W pierwszych powojennych latach obowiązywały kartki na chleb, mąkę, ziemniaki, mydło, zapałki albo proszek do prania. Kartkowane były także: benzyna, obuwie, mleko dla niemowląt, papierosy (które można było wymienić na słodycze, za trzy paczki należało się równo 10 dag cukierków) i wódka.
Powojenny system kartkowy został zniesiony w 1949 roku, ale wrócił już dwa lata później i trwał kolejne dwa lata. Jego zniesieniu w 1953 roku towarzyszyły drastyczne podwyżki cen – w myśl zasady, że jeśli nikogo nie będzie stać na cukier, to nikomu nie będzie przeszkadzało, że cukru w sklepach nie ma.
Kartki wróciły w 1976 roku na prawie 10 następnych lat (chociaż mięso w pewnym stopniu było reglamentowane aż do końca PRL-u).
Przydziały niektórych towarów zależały od miejsca zamieszkania, wykonywanego zawodu, sytuacji życiowej. Na przykład z okazji ślubu albo chrzcin można było kupić większą ilość alkoholu. Zawarcie małżeństwa skutkowało także przydziałem na nowe buty i garnitur, nowożeńcy dostawali też specjalny kwit na zakup obrączek. Osobom niepracującym fizycznie przysługiwała kartka M-I tzw. inteligencka, a tym, którzy urabiali sobie ręce po pachy – kartka M-II. Specjalne kartki „O” były przeznaczone dla niemowląt i uprawniały do zakupu m.in. kaszy manny, cukru, mleka w proszku, mydła i oliwki. Z kolei do zakupu papieru toaletowego uprawniało pokwitowanie z punktów skupu makulatury, przysługiwała jedna rolka za oddany kilogram makulatury. Za cztery kilogramy makulatury można było nabyć parę majtek damskich albo sześć talerzy, a jeśli kilogramów było tylko dwa, to można było się pocieszyć butelką szamponu.
Funkcjonowały też zasady innego rodzaju, na przykład mieszkańcom Katowic przysługiwał większy przydział na proszek do prania i mydło. Skąd brano kartki? Zakłady pracy wydawały je swoim pracownikom, jednostki wojskowe – żołnierzom, administracja lokalna – emerytom, a zakłady służby zdrowia rodzicom niemowląt. Warto przy tym pamiętać, że nie zastępowały one pieniędzy. Po ich przekazaniu sprzedawcy płaciło się za dany towar zwykłą cenę.
Tyle historii… ale nie samymi kartkami PRL żył. Pisałem zresztą i pokazywałem je już tutaj. Było też jednak coś innego, co pozwalało zdobyć określone towary. Wystarczyło zanieść coś, do jakiegoś skupu.

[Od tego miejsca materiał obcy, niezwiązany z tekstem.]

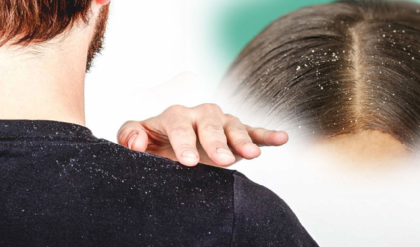 মাথার খুসকি নিয়ে নাজেহাল? শ্যাম্পু নয়, এই ১টি ছোট্ট কৌশলেই হবে কেল্লাফতে!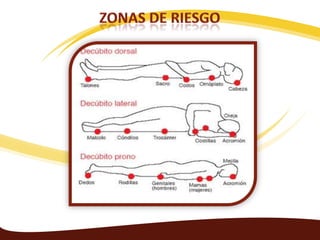 CUIDADO DE LA PIEL DE PACIENTES ENCAMADOS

Talony, ich również nie brakowało w poprzedniej epoce. Na przykład takich. Dostałem je od kolekcjonera Mariusza, po spotkaniu autorskim w Olsztynie. Jest wśród nich talon z punktu skupu towarów wtórnych w Kołobrzegu, który upoważniał do zakupu wyrobów przemysłowych na kwotę tysiąca złotych.

Jest też talon na kwotę 5 tysięcy zł. Innego koloru, żeby od razu łatwo było wychwycić.

I kolejny, tym razem z wielką pieczątką okręgowego przedsiębiorstwa surowców wtórnych w Szczecinie.

Ważna informacja: wyroby przemysłowe, do których zakupu upoważniały talony można było zakupić tylko w wyznaczonym sklepie handlu detalicznego. Żartów nie było.